The authors run a neuro-symbolic loop: the agent acts and produces execution traces, then a symbolic induction step “lifts” recurring patterns in those traces into small, named, parameterized programs — skills. Those skills become callable building blocks on the next task. Because they are programs, they are inspectable, composable, and transfer to problems the agent has never seen.

The learning lives in code, not weights — which makes it inspectable, composable, and transferable.

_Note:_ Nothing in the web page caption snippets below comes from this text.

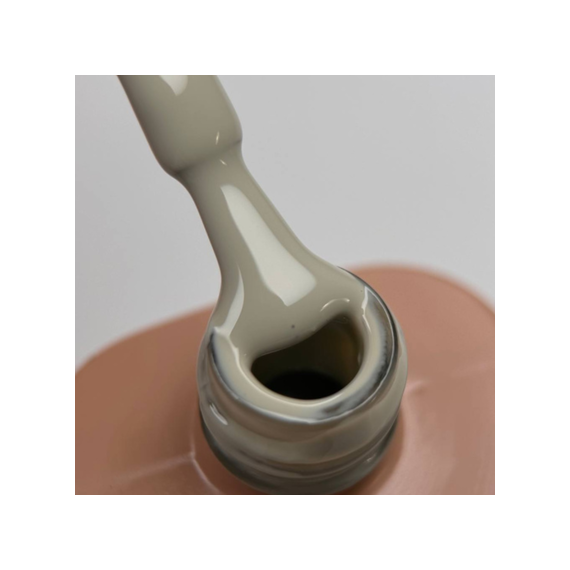 DARK gel polish #095, light khaki, 10 ml, Color: Khaki, 3 image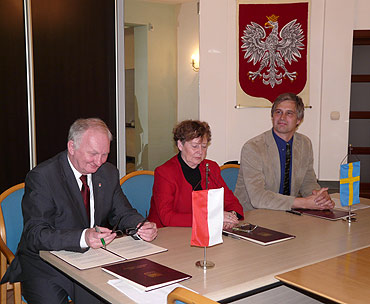 Pobyt delegacji miasta Helsinborg w Międzyzdrojach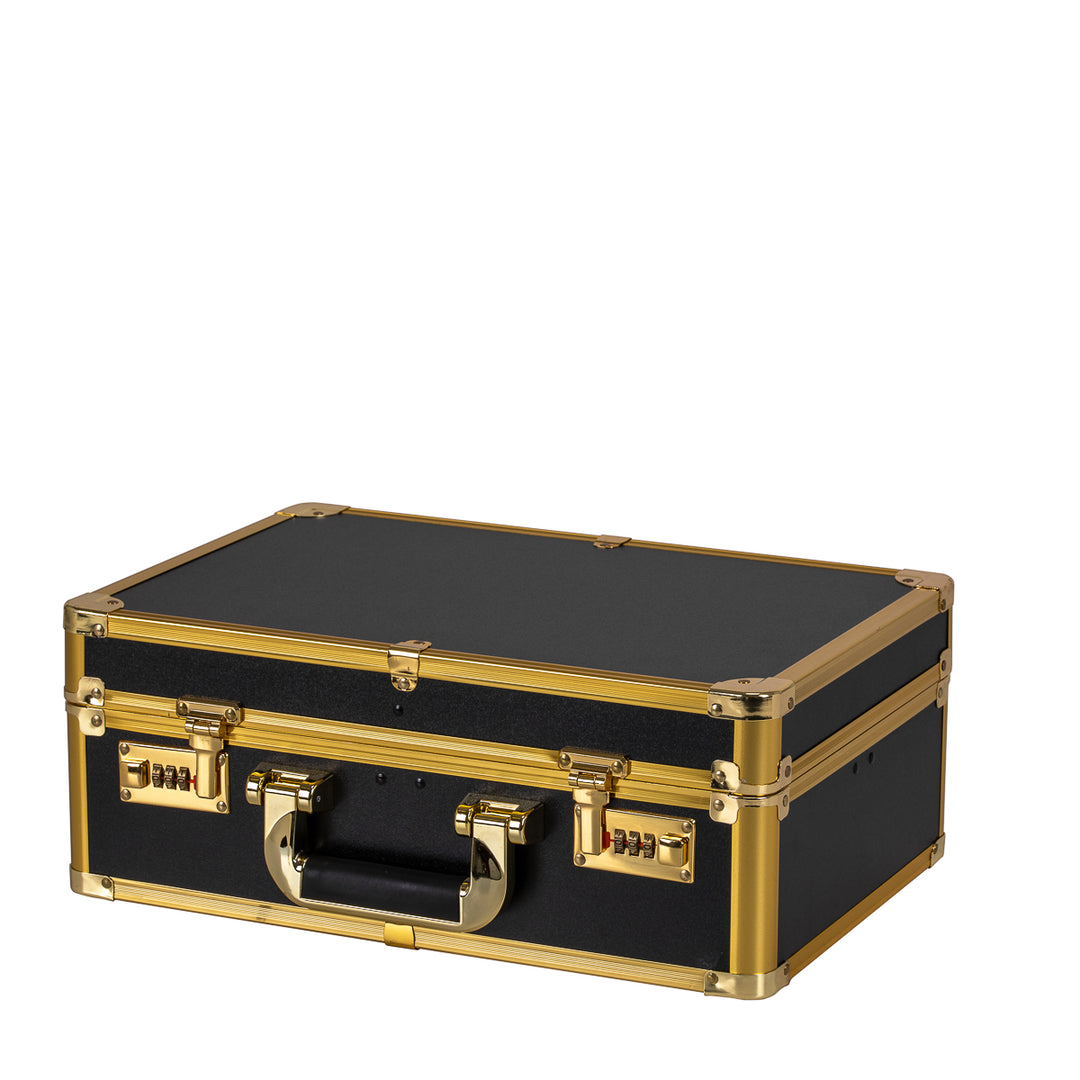 Maletín de Peluquería Barber Oro-Negro - imagen 2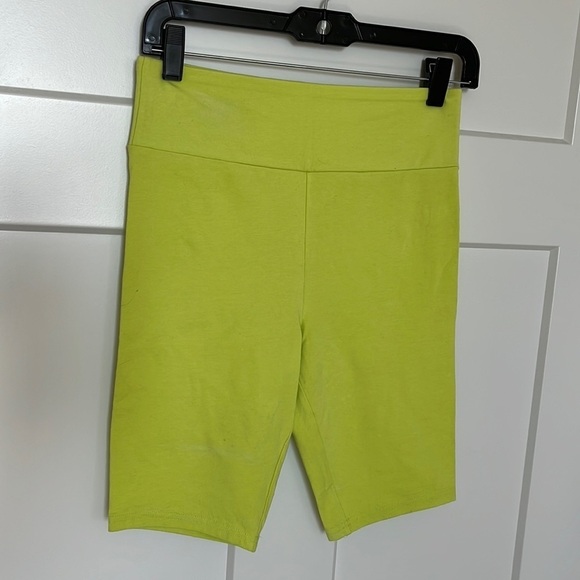 Wild Fable High Rise Cotton Bike Shorts Size Medium - Picture 2 of 5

The neat part is the division of labor: the neural model proposes and executes, the symbolic layer generalizes and remembers. Each does what it is good at, which is exactly the pitch for neuro-symbolic methods that has been promising more than it delivered for years.

What the results show

On long-horizon agentic benchmarks, induced skills improve both success rate and sample efficiency versus trace fine-tuning and pure prompting baselines — and crucially, the skills transfer to held-out task families rather than overfitting to the training tasks. The ablations matter here: remove the symbolic induction and most of the gain disappears, which is the evidence that the skills, not just more data, are doing the work.

Where I'm skeptical

The induction step is the whole ballgame, and inducing clean programs from messy real-world traces is hard outside of benchmark-shaped tasks. I'd want to see how it behaves when traces are noisy, when skills conflict, and how the skill library is pruned before it bloats. Promising direction, but the gap between “works on benchmarks” and “works in your messy agent” is exactly where these methods usually stumble.